Even though he spends over 90 minutes working out each morning, the General skips breakfast— and lunch. "I typically don't eat anything until dinner," he says. "It just makes me feel better, my body has gotten used to it, and so if I eat before dinner I get kind of sluggish."
Mellody Hobson, who serves as the President of Ariel Investments, has been waking up before 6 a.m. for more than two decades.
She wakes up between 4 and 5 a.m. and checks her phone for urgent emails and news alerts before exercising, which consists of running, lifting weights, swimming and cycling. She drinks two liters of water while exercising. When her work out is over, she has two hard-boiled eggs with coffee or tea followed by a bath.
"My bath time is essential personal time," she explains. "I take a bath every morning, and use the time to decompress and relax. When I'm running outside on cold days in Chicago, I run faster on the return leg, thinking about my bath."
For Melody McCloskey, founder and CEO of StyleSeat, rising with the sun is crucial to her productivity and well-being.
"I've been getting up early for a few years," she says. "For a long period of my life I stayed up very late, but I've since found my early morning routine to be the best way for me to sustain a high output and to feel balanced and happy throughout the day."
McCloskey wakes up at 5:45 a.m. and does an hour of organizing. She exercises every day at 7 a.m., either with a personal trainer or in a exercise class like hot yoga, Pilates or TRX.
"Of course it wasn't easy at first," admits the CEO. "It was torture getting up that early; I was never naturally a morning person. But now it's become routine, and I wake up pretty early on weekends too."
Growing up in Canada, Peter Balyta would wake up early every morning for hockey practice. "I'm wired to be disciplined, especially when it comes to fitness," he says.
Today, Balyta serves as the President of Education Technology for Texas Instruments. He says this discipline is a crucial part of his morning routine. Every day he wakes up at 5:20 a.m., eats a banana, drinks a glass of water, scans his email and then hits the gym.
"We start with a warm-up of light stretching, followed by a high-intensity workout of the day, involving constantly changing movements," he says.
While he is exercising he does mental math to wake up both his mind as well as his body. "Not to geek out too much, but I use simple math to determine transition times and physics to determine how to leverage my body around a barbell," he says.
The President of Massachusetts Institute of Technology, L. Rafael Reif, says that maintaining his early morning routine is essential to staying productive and happy.
"I set my alarm for 6 a.m. but I rarely get to hear it — I almost always wake up around 5 or 5:30 on my own," he says.
The first thing he does is checks his phone. "I'll try to respond to any urgent messages right away, then I take my phone or tablet to breakfast and read the news while I eat," says Reif. "After breakfast, I shower, get dressed, and then I'm off to my first meeting of the day."

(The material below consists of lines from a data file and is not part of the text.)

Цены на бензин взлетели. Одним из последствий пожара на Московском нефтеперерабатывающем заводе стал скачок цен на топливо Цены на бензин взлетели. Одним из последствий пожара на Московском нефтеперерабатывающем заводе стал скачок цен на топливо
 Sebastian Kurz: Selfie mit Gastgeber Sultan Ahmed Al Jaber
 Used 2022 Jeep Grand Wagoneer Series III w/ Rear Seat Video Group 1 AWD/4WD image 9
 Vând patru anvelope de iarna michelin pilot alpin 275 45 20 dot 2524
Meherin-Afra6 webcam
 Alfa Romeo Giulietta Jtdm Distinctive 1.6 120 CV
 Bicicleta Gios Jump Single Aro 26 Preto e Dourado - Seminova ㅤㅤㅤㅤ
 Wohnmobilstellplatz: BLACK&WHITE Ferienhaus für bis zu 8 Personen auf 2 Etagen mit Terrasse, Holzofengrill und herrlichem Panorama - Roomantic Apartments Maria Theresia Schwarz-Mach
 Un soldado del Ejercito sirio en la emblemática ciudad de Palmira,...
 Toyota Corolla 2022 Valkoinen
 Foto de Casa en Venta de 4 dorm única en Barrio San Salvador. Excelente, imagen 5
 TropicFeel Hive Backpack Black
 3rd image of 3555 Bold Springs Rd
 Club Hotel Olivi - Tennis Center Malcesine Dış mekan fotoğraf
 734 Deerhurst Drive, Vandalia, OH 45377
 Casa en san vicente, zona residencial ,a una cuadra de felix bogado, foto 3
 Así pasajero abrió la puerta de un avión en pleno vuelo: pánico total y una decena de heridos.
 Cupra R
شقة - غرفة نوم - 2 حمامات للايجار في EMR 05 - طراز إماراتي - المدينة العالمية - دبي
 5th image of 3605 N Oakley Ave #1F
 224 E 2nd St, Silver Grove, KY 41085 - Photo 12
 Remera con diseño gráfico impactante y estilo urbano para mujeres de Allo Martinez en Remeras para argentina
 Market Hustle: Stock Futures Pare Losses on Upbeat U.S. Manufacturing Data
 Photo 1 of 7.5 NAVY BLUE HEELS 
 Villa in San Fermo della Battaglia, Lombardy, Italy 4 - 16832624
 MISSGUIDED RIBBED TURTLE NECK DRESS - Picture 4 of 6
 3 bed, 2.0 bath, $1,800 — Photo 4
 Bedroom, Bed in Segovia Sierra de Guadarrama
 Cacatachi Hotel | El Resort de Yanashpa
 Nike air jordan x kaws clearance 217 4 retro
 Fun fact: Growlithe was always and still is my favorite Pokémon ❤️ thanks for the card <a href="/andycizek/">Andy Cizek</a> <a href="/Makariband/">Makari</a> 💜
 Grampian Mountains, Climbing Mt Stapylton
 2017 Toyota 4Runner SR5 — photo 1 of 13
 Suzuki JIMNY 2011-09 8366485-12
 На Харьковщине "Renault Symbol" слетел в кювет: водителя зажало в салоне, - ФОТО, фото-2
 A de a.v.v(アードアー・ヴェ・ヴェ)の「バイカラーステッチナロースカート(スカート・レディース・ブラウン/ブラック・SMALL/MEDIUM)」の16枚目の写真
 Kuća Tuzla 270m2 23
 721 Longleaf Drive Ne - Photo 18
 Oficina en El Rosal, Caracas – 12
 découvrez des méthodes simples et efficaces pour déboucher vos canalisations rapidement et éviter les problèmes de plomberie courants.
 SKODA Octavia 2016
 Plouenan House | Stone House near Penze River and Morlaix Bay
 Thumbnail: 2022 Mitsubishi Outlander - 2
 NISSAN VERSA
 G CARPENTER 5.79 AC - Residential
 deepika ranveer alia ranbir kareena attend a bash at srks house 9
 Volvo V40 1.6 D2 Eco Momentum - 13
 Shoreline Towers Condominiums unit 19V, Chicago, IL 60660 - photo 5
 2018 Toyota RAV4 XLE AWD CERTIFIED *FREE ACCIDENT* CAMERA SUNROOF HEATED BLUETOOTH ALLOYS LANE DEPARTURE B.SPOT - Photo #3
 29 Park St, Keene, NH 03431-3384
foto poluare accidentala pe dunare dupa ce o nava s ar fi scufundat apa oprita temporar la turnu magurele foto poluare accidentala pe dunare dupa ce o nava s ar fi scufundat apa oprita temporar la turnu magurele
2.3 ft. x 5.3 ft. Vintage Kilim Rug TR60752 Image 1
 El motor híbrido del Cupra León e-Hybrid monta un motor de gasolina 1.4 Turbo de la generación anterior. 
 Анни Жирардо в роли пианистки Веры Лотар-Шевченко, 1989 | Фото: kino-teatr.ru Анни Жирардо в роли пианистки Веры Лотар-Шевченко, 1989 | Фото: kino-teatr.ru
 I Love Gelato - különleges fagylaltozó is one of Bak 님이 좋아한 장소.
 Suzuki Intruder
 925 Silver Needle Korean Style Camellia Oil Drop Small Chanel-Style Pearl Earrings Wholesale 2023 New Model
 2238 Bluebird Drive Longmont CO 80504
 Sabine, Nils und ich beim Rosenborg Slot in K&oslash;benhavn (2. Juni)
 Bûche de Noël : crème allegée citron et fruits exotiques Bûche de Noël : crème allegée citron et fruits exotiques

He uses breakfast as a time to read and connect with his wife.
"If I don't have a chance to check my email, I worry about what I'm missing. Even when I do check my email, I still worry," he says. "And it happens rarely, but if I miss breakfast for some reason, it throws me off for the whole day. The word 'grumpy' comes to mind."
While Scott Adams, creator of the "Dilbert" comic strip does allow for some flexibility, he always wakes up as early as he can — typically between 4 and 6 a.m.
"Some people are just morning people, myself included, so for me it is easy to get up in the morning, that's the best part of my day," says Adams. "Typically speaking I'm happiest, smartest, most creative and most optimistic between the hours of 4 and 8 a.m."
As soon as he wakes up he goes to work in order to take advantage of these creative early hours.
Unlike other early risers, however, Adams does not go to sleep particularly early, usually around 11 p.m., and he admits that being sleep deprived can take its toll.
"Being tired can be dangerous," he says. "It takes a pretty predictable chunk off your IQ."